WRC 2022: Toyota 1-2-3-4, 12 anos depois!
São relativamente raras as vezes em que uma única equipa consegue fazer uma ocupação total dos lugares do pódio de um rali do WRC, mas ainda mais são os que uma mesma estrutura garante as quatro melhores posições. Voltou a acontecer agora, no Safari Rally Kenya do passado fim-de-semana, com uma quádrupla de Yaris GR Rally1 a terminar à frente de toda a concorrência, num demolidor rali que desconstruiu as pretensões dos seus adversários! A anterior de 12 vezes havia sido já há mais de uma década e a primeira em 1976!

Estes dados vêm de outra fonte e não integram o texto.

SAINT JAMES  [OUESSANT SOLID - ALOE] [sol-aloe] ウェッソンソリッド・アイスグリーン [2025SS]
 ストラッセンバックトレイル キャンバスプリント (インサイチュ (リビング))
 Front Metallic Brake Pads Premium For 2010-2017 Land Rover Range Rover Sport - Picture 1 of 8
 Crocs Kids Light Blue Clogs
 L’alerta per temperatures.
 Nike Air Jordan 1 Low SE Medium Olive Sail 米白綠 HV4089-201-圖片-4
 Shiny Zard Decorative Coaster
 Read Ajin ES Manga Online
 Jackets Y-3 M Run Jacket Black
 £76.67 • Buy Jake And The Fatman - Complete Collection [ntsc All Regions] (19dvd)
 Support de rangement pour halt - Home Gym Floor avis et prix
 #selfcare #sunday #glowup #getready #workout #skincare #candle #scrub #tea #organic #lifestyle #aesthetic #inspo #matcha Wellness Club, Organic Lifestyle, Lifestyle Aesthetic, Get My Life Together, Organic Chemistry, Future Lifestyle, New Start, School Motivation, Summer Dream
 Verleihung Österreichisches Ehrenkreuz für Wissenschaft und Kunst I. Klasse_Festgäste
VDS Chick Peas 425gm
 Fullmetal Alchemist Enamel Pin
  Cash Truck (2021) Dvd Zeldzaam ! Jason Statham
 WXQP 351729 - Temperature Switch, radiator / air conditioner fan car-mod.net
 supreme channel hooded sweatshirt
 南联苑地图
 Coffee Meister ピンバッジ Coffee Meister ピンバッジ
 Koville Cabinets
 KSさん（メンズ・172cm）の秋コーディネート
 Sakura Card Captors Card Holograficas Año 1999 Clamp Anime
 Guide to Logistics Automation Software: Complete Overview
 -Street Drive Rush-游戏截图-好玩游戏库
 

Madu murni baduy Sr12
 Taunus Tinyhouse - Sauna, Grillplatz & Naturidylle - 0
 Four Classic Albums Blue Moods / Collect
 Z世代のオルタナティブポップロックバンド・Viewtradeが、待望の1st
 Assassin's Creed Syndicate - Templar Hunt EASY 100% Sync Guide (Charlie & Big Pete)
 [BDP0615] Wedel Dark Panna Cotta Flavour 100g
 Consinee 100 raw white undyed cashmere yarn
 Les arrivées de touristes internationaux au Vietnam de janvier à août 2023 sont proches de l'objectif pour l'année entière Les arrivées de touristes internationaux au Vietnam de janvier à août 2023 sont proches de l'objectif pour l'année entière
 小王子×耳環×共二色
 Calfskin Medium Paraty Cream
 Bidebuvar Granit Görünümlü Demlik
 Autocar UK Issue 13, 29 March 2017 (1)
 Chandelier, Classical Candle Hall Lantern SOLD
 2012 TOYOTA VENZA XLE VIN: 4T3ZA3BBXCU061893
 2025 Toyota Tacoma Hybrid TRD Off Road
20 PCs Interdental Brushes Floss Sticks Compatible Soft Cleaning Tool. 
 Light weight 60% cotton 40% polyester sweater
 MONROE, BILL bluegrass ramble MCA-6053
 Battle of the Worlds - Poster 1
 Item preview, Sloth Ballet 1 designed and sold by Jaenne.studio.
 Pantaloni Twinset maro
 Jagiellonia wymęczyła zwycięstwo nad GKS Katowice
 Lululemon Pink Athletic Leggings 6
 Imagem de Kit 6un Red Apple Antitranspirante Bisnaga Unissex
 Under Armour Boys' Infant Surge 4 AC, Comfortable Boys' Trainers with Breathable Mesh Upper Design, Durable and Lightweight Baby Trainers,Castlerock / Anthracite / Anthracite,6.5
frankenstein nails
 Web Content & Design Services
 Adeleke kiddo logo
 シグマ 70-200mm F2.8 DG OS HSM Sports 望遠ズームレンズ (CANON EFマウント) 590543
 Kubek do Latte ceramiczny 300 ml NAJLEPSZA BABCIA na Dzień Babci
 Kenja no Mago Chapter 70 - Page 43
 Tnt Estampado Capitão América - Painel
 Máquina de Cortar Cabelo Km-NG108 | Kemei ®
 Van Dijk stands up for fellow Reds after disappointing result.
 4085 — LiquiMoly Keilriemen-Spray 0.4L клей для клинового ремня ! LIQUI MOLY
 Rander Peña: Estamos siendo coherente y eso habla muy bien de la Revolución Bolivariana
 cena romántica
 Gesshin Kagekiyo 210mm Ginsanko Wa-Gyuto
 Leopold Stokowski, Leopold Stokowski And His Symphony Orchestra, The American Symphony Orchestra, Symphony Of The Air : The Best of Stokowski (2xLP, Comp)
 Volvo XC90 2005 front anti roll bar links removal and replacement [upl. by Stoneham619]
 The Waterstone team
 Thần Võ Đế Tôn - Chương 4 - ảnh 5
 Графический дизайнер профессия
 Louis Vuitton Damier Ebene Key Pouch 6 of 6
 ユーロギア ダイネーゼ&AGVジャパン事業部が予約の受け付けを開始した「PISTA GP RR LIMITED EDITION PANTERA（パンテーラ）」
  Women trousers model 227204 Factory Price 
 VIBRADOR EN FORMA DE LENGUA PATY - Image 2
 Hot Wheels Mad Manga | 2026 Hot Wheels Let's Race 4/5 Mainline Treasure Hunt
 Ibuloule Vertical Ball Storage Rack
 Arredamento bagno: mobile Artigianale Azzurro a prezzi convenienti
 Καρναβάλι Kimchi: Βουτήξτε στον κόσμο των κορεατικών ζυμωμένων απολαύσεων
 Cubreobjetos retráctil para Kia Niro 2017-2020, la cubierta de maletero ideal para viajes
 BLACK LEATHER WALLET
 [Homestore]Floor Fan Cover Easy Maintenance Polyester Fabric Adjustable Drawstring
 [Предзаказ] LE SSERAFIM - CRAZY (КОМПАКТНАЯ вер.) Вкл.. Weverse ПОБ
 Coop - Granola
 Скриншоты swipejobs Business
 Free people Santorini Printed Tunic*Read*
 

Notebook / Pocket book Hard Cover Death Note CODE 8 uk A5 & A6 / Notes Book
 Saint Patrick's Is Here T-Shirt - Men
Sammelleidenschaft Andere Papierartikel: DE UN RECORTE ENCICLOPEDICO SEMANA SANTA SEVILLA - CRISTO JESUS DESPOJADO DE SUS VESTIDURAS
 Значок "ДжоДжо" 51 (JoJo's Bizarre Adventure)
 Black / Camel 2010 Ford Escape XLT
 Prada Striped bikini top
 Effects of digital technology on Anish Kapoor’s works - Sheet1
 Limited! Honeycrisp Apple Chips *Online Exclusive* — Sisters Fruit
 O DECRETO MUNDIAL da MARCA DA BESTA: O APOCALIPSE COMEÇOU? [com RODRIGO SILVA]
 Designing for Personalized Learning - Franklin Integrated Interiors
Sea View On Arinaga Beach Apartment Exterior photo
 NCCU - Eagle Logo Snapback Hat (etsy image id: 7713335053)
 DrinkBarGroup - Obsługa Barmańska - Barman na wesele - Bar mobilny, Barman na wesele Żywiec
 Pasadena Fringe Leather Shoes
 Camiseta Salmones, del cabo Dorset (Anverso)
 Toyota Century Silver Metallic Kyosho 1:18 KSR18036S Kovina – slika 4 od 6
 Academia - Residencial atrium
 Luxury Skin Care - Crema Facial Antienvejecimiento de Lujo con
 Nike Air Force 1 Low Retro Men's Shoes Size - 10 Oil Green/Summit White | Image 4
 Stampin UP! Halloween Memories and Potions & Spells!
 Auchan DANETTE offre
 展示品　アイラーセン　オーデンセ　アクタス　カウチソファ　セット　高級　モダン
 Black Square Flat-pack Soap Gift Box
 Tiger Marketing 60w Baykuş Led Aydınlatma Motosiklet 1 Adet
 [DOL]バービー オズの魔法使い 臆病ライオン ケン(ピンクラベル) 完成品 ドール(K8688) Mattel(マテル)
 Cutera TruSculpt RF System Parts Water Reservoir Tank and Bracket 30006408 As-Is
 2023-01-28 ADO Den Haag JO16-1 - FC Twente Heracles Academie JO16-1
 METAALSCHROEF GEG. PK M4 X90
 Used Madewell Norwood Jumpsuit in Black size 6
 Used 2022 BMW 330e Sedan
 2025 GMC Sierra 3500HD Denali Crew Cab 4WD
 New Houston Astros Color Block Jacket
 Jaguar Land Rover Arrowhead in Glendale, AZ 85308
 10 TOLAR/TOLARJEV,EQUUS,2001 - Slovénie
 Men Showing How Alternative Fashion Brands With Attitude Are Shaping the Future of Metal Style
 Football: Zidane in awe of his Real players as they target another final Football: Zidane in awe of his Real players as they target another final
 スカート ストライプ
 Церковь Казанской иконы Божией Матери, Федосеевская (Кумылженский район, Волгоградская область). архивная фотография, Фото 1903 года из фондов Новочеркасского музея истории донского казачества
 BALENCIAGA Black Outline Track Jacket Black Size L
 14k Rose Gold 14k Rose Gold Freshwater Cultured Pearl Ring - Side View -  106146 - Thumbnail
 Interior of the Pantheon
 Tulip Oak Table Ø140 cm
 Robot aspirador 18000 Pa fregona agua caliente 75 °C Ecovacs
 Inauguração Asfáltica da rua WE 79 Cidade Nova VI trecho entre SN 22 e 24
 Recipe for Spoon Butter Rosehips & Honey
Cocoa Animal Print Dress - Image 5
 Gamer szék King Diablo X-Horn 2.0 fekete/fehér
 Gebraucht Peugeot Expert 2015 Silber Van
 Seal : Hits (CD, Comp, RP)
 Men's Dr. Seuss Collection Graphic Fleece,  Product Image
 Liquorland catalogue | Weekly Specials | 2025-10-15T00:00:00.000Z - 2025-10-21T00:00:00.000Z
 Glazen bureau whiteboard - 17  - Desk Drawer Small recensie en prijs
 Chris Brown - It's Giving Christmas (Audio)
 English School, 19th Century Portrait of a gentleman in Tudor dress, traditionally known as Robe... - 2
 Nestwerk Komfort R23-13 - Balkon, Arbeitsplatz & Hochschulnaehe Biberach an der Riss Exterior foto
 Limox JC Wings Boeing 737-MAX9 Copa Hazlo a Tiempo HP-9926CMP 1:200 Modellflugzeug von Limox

Desde o Rali da Bulgária de 2010, quando a Citroën garantiu os quatro primeiros lugares – com Sébastien Loeb, Dani Sordo, Petter Solberg e Sébastien Ogier aos comandos dos C4 WRC – que uma única marca não conseguia tal fantástico resultado de conjunto, mas o facto é que 12 anos depois a Toyota voltou a fazê-lo, colocando Kalle Rovamperä, Elfyn Evans, Takamoto Katsuta (da segunda equipa) e, o repetente Sébastien Ogier no topo da classificação geral final da que foi / é a mais demolidora das provas da presente temporada.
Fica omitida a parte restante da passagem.